I needed help and realizing that it is okay to ask for that help when I need it has been one of the biggest challenges in my college career and life. Through this journey, I have learned that I am more resilient, intelligent, proactive, and resourceful than I ever could have imagined. If you battle chronic illnesses and endless pain, asking for help is frightening. Our medical system is not designed to help patients like us. We are seen as too young to be in pain and too healthy looking. That is ableism; chronic pain and illnesses do not discriminate. We are complicated, and it is not our fault. We are fighting enormous, invisible battles every single day. Facial pain can rip your life away. I know that people like me are strong enough to succeed in our educational goals because we are fighters. We fight the most excruciating pain and are still here with hopes and dreams. College is difficult, but it is no match for us.
Asking for help is hard, but I would tell other young people in my shoes the following: Please know you are not alone, and it is okay to ask for the help you need and deserve. We have rights for disability accommodations. Connect with your professors and social services on campus. If you can, share your story with them so they know how to support you better. I was ashamed when I first told my professor about my trigeminal neuralgia and needing to have extra time away from classes for my craniotomy. However, after the initial conversation, I did not feel afraid anymore because I realized that most of these people are there because they care about students. Many will do all they can to accommodate you. Aside from disability accommodation services, there are other social networks that most universities have. The Dean of Students usually has excellent support systems for students with a wide variety of needs, even emergency financial support.

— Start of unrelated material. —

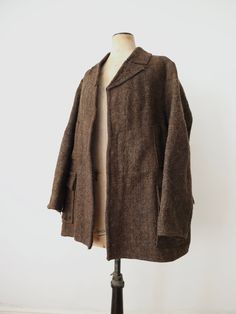 "1930s Romanian brown wool jacket. This is a piece of traditional folk clothing sources from the Transylvania area of Romania. It has really interesting horizontal pockets on the centre front and then two lower pockets with shaped flap covers. The back is shaped across the shoulders with a back tab panel.  Measures: 22\" underarm to underarm, 18\" across the shoulders, 24\" sleeves, 31\" long from top of shoulder to hem. Condition: good overall. There is some damage and a few holes. Mainly on th Folk Clothing, Hold Ups, Traditional Clothing, Wool Jacket, Jacket Coat, Traditional Outfits, Warm Winter, Romania, Overalls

Many campuses have multicultural centers who focus on helping black, indigenous, and people of color (BIPOC) and other minority students succeed. Those centers may also have scholarships, workshops, and guidance counselors. There are also lesbian, gay, bisexual, transgender, queer or questioning, intersex, asexual, and more (LGBTQ+) associations on campus who can offer excellent support. As a minority transgender person, I have connected with all the services above, and they have helped support many facets of my educational needs.
No matter where you are in your educational journey, I know you can do it because I know how strong you are. You may not feel like you are good enough to go to college. But I see you, I see your pain, and I know you are more than good enough. You are brave, and you will triumph in whatever you set your mind to. There may be people who say you cannot do it. Whenever anyone tells me that, I tell them to watch me do it and be outstanding. Facial pain does not make you less, it makes you more than anything you could imagine.